Rima Khalaf Hunaidi is the UN Development Programme’s Assistant Secretary-General and Regional Director of the Regional Bureau for Arab States, and also serves as a director of the Center for Global Development. And finally since 1997, Guillermo O’Donnell, has been the Senior Faculty Fellow of the Kellog Institute for International Studies at the University of Notre Dame. O’Donnell served as the vice president of the American Political Science Association from 1999 and 2000, and he serves on the editorial board of the NED’s Journal of Democracy, and on the international advisory committee (in 2001 at least) of the NED-funded Center of Legal and Social Studies. Having investigated the ‘democratic’ orientation of the UN Democracy Fund’s staff, the following and penultimate section of this paper will now critically examine the types of organizations that the Fund supported in its first round of funding.

 

To be continued… The final part of this four part series will examine the ‘democratic’ credentials of some of the recipients of the UN Democracy Fund’s first round of funding. It will then conclude by offering some suggestions for how progressive activists might potentially deal with some of the worrying issues that have been raised about the UN’s global role as a key democracy manipulator.

Michael Barker is a doctoral candidate at Griffith University, Australia. He can be reached at Michael.J.Barker [at] griffith.edu.au, and some of his other articles can be found here.

Endnotes

[1] “In January 1999, Madeleine Albright, President Clinton’s Secretary of State, told the Los Angeles Times that her highest priority before leaving office was to create a global community of democracies.”
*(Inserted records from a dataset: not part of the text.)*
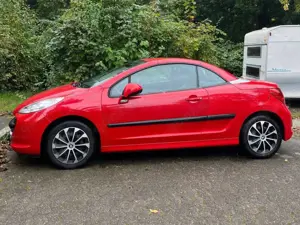 Peugeot 207 207 CC 150 THP Platinum Bild 3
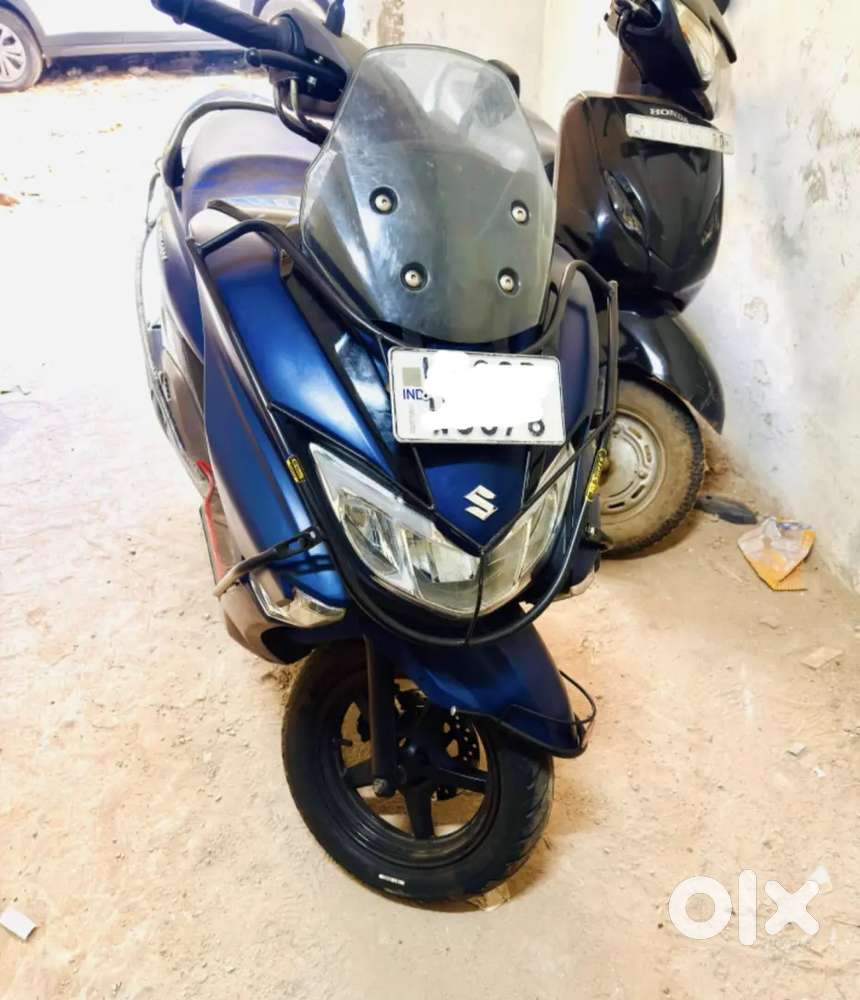 Brand new burgmab street Bluetooth awesome condition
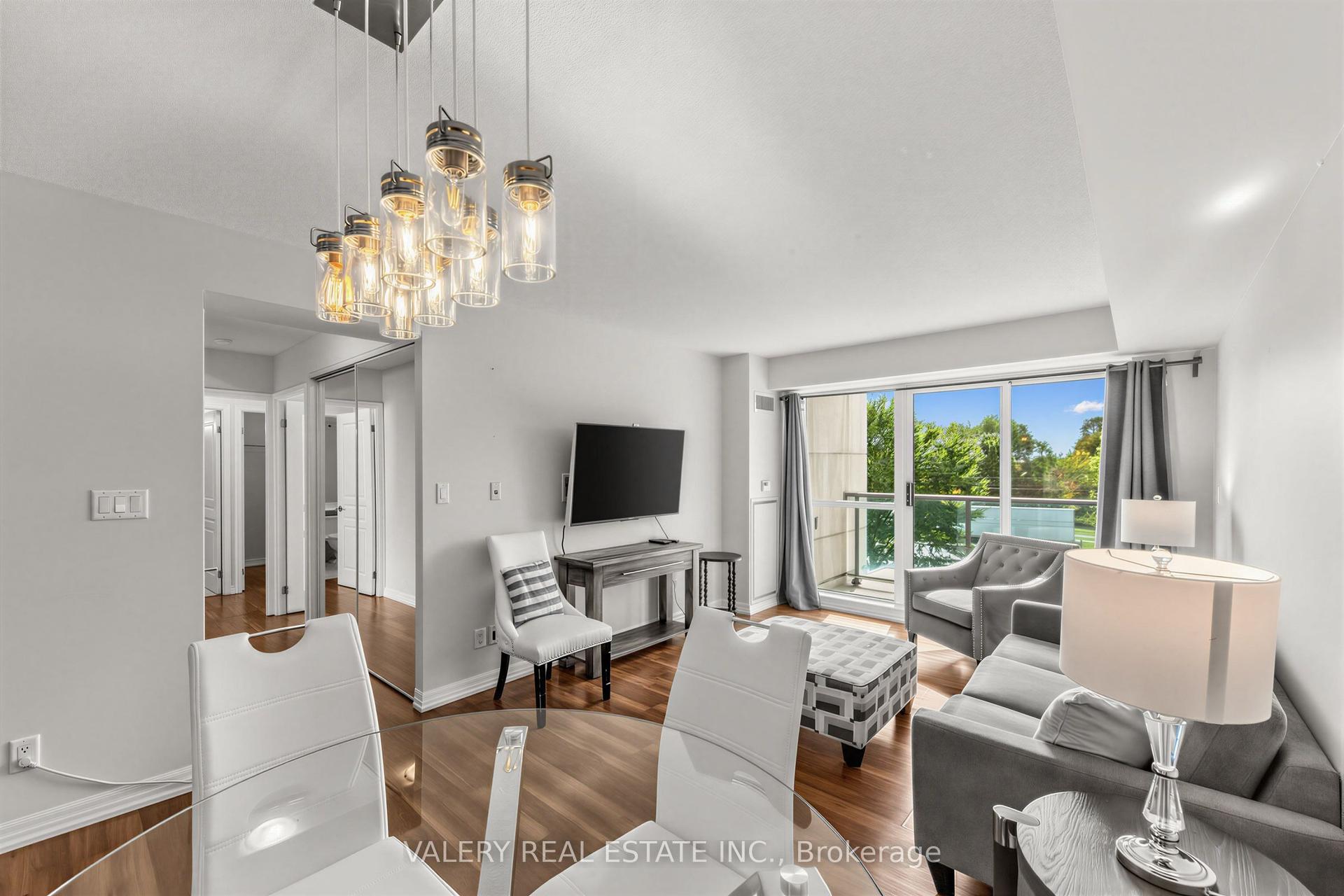 1403 Royal York Road 214 #214, Toronto — Condo for lease, photo 1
Memorably, in a 60 Minutes interview (May 1996) Lesley Stahl, speaking of US sanctions against Iraq, asked Albright: “We have heard that a half million children have died. I mean, that’s more children than died in Hiroshima. And – and you know, is the price worth it?” Albright then responded: “I think this is a very hard choice, but the price – we think the price is worth it.”

[2] Giles Scott-Smith and Hans Krabbendam (eds.), The Cultural Cold War in Western Europe, 1945-1960 (London: Frank Cass, 2003), p.99.

[3] The Streit Council notes that it “works toward closer cooperation among the experienced democracies as a basis for more effective U.S. engagement in world affairs”. The treasurer of the Streit Council, Erik Johnson, served as the Director of Policy Studies at the Center for International Private Enterprise from 1996 to 1999, and the Council’s executive director, Tiziana Stella, also worked for the CCD in preparing for the CD initial CD conference in Warsaw. One other ‘democratic’ Streit Council director is Richard T. Arndt, who has also served on the advisory board of the American Iranian Council.

[4] According to Susan FeinerDrucilla Barker writing in the Dominion in 2007: "Grameen Bank founder Muhammad Yunus won the Nobel Peace Prize because his approach to banking reinforces the neoliberal view that individual behavior is the source of poverty and the neoliberal agenda of restricting state aid to the most vulnerable when and where the need for government assistance is most acute.”